Una noche, aproximadamente un mes después de la luna de miel, estaba en el garaje limpiando y ordenando sus palos y bolsa de golf, haciendo swings imaginarios y pensando en tiros acertados y fallidos.
Su nueva novia apareció silenciosamente en la puerta del garaje, observó a su nuevo esposo mientras estaba en su elemento y haciendo arreglos por un rato, y luego le dijo: “Sabes, cariño, he estado pensando, ahora que estamos casados, quizás sea hora de que dejes de jugar golf. Pasas tanto tiempo en el campo de golf cada fin de semana. Estoy segura de que podrías vender tus palos y todo este equipo por un precio realmente bueno. ¿Qué piensas?”

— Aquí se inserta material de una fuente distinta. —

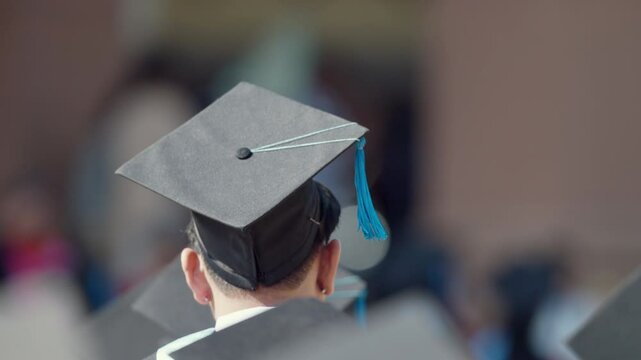 A man wearing a black cap and gown is standing in front of a building. He is wearing a graduation cap and gown, which suggests that he has recently graduated from college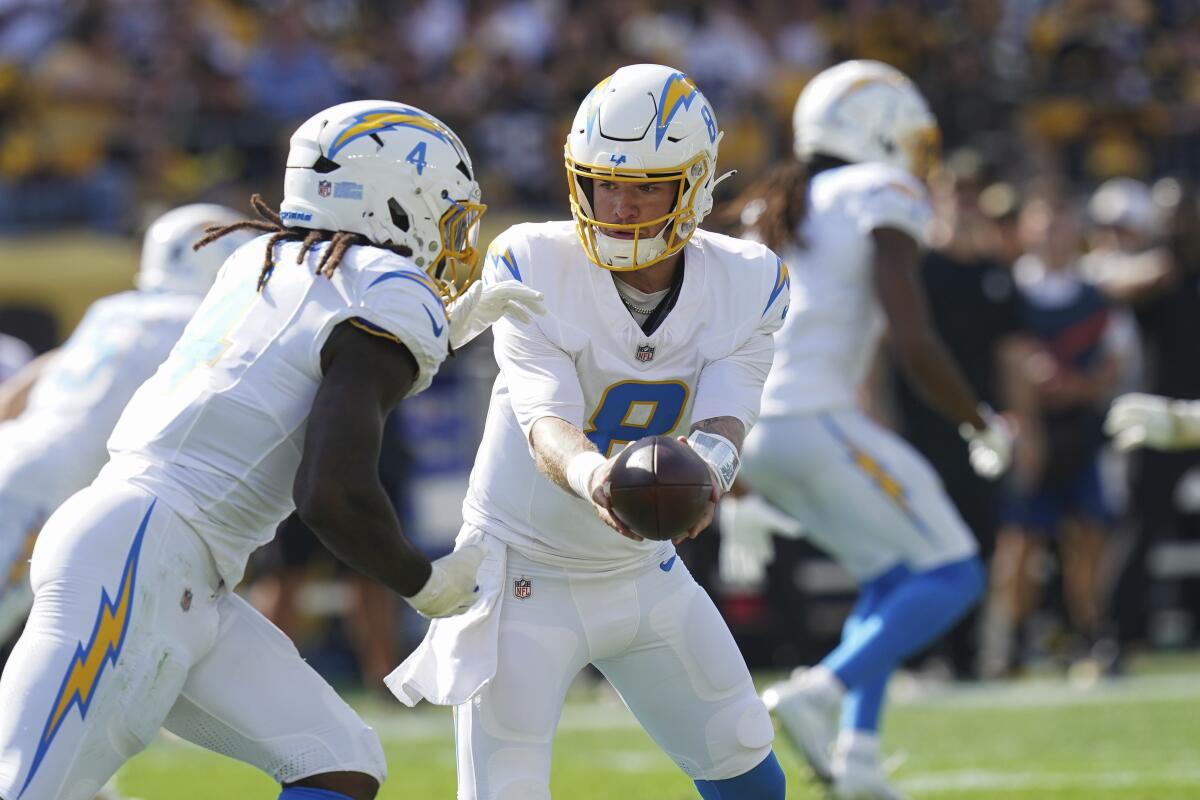 Chargers quarterback Taylor Heinicke hands the ball off to running back Gus Edwards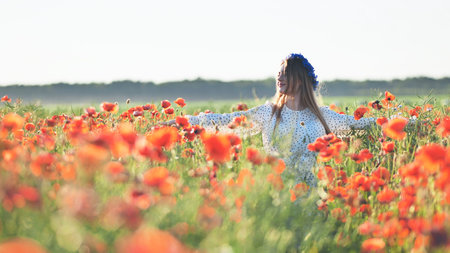 Ukrainian girl walking through a red poppy field.の写真素材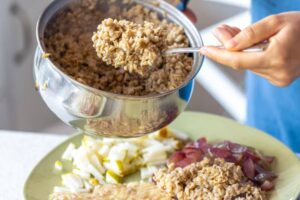 A person scoops cooked rice from a pot onto a plate, accompanied by sliced apples and red onions.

Él puso una expresión horrorizada en su rostro enrojecido.
Su esposa dijo, “Querido, ¿qué pasa?”
Él negó con la cabeza, la miró directamente a los ojos y dijo: “Por un momento, sonaste como mi exesposa.”
“¡Exesposa!” gritó ella, “¡No sabía que habías estado casado antes!”
Él le lanzó una mirada punzante y rápidamente comentó, “¡No lo estaba!”